- Born: February 27, 1902 Oakland, California, U.S.
- Died: January 31, 1977 (aged 74) Los Angeles, California, U.S.
- Resting place: Clovis Cemetery, Clovis, California, U.S.
- Occupations: Novelist; screenwriter;
- Writing career
- Pen name: Geoffrey Homes
- Genre: Mystery fiction

= Daniel Mainwaring =

American novelist and screenwriter (1902–1977)

Daniel Mainwaring (February 27, 1902 – January 31, 1977) was an American novelist and screenwriter. His novel Build My Gallows High (1946) was adapted to film by himself as Out of the Past (1947).

==Biography==
A native of Oakland, California, Mainwaring began his professional career as a journalist for the San Francisco Chronicle and enjoyed a successful career as a mystery novelist (under the name Geoffrey Homes). He worked as a film publicist and eventually abandoned fiction for a successful career as a screenwriter.

His first novel (and the only one he ever published under his own name), One Against the Earth (1932), is a proletarian novel about a young man born on a California ranch who becomes a drifter and is eventually unjustly accused of attacking a child. He made his real mark, however, with a string of hard-boiled mystery novels (mostly with small-town California settings), the first of which was The Man Who Murdered Himself (1936).

His final published novel, Build My Gallows High (William Morrow & Co., 1946), is generally regarded as his best—and its adaptation (by "Homes" himself) into the 1947 film noir classic Out of the Past assured his place in film history. Mainwaring explained to interviewer Pat McGilligan that he regarded the novel as a departure from his earlier literary efforts:With Build My Gallows High, I wanted to get away from straight mystery novels. Those detective stories are a bore to write. You've got to figure out "whodunit". I'd get to the end and have to say whodunit and be so mixed up I couldn't decide myself.

By the time Out of the Past appeared Mainwaring had already begun to devote himself exclusively to screenwriting, first under the Homes pseudonym and later under his real name. Other notable credits during this period include The Big Steal (1949, directed by Don Siegel) and This Woman Is Dangerous (1952, with Joan Crawford). His first important film works bearing his real name were the 1954 shot-on-location crime thriller The Phenix City Story (1954) and the original version of Invasion of the Body Snatchers (1956).

As director Joseph Losey, whose The Lawless was adapted by Mainwaring from the writer's own short story (publication undetermined) "The Voice of Stephen Wilder", noted:This is one of the things that makes me very close to Dan Mainwaring—his experience of Americana, the nostalgia of the good things about small towns. I remember the smell of burning leaves at night in the autumn too. And I remember the smell of Christmas, the sparkle in the air at football games, and the sound of distant trains. And Dan remembers them all. He's a much underrated writer and he's a really quite noble man. He damaged himself with drink and he was very badly hurt by the blacklist.

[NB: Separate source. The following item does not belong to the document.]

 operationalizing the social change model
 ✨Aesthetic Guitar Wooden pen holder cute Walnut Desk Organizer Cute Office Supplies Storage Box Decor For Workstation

According to Frank Krutnik's book "Un-American" Hollywood, Losey's memory seems to serve him wrong here. Mainwaring's widow claims her husband actually acted as a front for blacklisted author Paul Jarrico. Also, Mainwaring's name appears on several movie credits in the 1950s which would have been impossible for a blacklisted author. The first film to break the blacklisting rule by naming a "banned" screenwriter (Dalton Trumbo) in the credits was Otto Preminger's 1960 film, Exodus.

In 1960, Mainwaring was hired by fantasy-film producer-director George Pal to write the screenplay for the MGM Studios film Atlantis, the Lost Continent, released in 1961. He based his script on a play written by Gerald Hargreaves in 1945. Toward the end of his career, in the 1960s, he wrote for TV shows like The Wild Wild West and Mannix. He did not live long enough to see Out of the Past remade as Against All Odds (1984).